In 2002, Glassjaw released their follow-up, "Worship and Tribute." While "Eveveryting You Ever Wanted to Know About Silence" was framed around scorned love and extreme isolation, the sophomore effort was a little less emo and little more lyrically obscure. Daryl had definitely matured by the second album, and had had the time to get over the Tiger, the femme fatale who fueled his rage on the first record. The track that is the easiest to understand is "Radio Cambodia," in which Daryl tackles the atrocities and intricacies of war. He does make a few nautical references on "Trailer Park Jesus" and "Two Tabs of Mescaline," in which he respectively croons, "I jumped ship into a burning cell, atom bomb," and "Sailor, safe."
Sometime between 2015 and 2017, Daryl and guitarist Justin Beck got together to jam again. That jam session resulted in "Material Control," the band's first LP since 2002, in which they enlisted a bass and Dillinger Escape Plan drummer, Billy Rymer. The first track on the album is "New White Extremity," which was their first single - one that certainly had hardcore fans abuzz. I figured that Glassjaw must be about to put something out in terms of a new EP or LP, a reward to whet our appetites after so much time away. "New White Extremity" is a great opener to the album, which tells me that in his time away, Justin Beck has been listening to a lot of Every Time I Die - another personal favorite. While Daryl Palumbo will go down in history as one of my favorite vocalists of all time, it's Beck that really makes this record pop. The guitars are gritty and meticulous and unrelenting, avoiding hardcore tropes for the subtleties of the genre instead. Beck channels Every Time I Die ax men Andy Williams and Jordan Buckley in the breakdown of the song. He links one riff to another with clever little guitar spasms that come off like a carefully constructed moments of improve. Daryl's distinctive voice soars over a plain of guitar chops and pounding bass licks, projecting a slew of rhythmic brutality. Fair warning. This track will do nothing to cure your anxiety, but if you feel the need to psych yourself up or to break something, turn it up, and turn it up loud.
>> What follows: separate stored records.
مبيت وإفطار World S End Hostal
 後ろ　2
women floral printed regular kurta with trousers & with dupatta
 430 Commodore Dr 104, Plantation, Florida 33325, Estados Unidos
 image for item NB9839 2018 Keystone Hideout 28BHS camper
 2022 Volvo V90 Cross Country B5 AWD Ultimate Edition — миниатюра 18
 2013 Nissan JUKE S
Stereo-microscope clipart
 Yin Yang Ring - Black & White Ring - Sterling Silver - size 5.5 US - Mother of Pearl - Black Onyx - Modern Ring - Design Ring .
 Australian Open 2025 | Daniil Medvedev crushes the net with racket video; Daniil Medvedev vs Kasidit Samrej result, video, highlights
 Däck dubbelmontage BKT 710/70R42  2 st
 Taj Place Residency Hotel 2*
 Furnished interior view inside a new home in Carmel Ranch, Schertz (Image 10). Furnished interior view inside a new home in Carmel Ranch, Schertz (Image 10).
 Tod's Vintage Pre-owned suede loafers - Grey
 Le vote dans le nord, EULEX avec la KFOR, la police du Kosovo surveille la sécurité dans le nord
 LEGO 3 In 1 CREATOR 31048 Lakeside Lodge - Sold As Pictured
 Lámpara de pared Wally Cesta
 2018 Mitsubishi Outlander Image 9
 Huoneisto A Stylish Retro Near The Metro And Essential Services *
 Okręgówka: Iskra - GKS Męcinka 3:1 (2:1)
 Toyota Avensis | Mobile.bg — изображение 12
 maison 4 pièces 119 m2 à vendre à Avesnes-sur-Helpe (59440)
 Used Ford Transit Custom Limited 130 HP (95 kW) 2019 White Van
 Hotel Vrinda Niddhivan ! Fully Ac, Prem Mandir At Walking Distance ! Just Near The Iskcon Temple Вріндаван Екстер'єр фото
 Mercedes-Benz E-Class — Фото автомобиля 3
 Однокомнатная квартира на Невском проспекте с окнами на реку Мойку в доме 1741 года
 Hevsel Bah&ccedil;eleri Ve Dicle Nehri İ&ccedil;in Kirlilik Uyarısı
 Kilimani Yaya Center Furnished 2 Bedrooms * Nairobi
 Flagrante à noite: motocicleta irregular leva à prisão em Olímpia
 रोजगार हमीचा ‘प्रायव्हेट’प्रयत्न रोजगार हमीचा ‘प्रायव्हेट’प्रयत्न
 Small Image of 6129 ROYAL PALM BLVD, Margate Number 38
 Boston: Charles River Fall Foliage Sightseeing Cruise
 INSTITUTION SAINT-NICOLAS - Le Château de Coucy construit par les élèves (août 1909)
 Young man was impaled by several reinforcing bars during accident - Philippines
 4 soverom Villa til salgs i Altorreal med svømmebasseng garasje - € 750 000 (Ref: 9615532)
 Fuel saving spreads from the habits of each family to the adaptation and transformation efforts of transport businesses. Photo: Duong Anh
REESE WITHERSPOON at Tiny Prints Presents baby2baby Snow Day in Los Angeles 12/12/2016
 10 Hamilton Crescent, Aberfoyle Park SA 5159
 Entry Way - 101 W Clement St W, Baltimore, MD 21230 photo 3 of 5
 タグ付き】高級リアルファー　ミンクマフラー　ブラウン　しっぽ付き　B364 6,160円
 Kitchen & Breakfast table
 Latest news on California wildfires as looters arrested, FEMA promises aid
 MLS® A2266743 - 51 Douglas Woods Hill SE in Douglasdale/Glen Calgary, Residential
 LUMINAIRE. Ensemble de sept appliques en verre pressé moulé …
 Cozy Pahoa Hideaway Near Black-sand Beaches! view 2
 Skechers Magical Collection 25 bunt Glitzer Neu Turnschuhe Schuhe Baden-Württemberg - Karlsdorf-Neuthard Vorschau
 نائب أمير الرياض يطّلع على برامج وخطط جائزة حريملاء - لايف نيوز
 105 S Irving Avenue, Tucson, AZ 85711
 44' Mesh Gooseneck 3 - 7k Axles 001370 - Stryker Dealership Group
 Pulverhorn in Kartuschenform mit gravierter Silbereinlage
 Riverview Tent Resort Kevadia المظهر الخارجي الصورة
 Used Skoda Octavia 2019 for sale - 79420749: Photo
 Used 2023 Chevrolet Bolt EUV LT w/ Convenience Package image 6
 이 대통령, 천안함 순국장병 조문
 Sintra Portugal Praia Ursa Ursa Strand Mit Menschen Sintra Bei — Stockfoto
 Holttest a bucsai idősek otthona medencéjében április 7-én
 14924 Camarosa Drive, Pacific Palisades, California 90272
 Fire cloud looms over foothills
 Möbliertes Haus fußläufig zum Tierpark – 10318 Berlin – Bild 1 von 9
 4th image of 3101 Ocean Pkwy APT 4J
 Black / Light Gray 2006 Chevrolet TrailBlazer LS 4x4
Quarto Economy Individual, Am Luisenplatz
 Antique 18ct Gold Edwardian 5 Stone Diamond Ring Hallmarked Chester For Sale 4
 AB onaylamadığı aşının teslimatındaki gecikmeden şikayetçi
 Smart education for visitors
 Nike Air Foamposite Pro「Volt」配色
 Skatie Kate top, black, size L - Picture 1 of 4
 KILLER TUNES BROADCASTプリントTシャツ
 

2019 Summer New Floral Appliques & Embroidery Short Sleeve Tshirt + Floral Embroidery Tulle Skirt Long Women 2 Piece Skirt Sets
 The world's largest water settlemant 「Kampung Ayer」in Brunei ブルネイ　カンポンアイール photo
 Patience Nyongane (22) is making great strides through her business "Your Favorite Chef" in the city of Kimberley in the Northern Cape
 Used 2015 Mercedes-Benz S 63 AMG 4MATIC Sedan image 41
"Shira" carries on much like the verse of "New White Extremity," with choppy guitar licks and a descending bass line. This, along with "New White Extremity," is one of the better tracks, capturing the band's 2002 sound. The verse is searing and all business, while the chorus comes in melodic and familiar. Toward the end of the track, Beck comes in with another familiar element - a guitar riff nearly taken straight from the debut album standout track, "Siberian Kiss." "Shira" successfully meshes the best elements of Glassjaw's first two LPs as a reminder that they're still indeed Glassjaw, and they still remember their roots pretty well.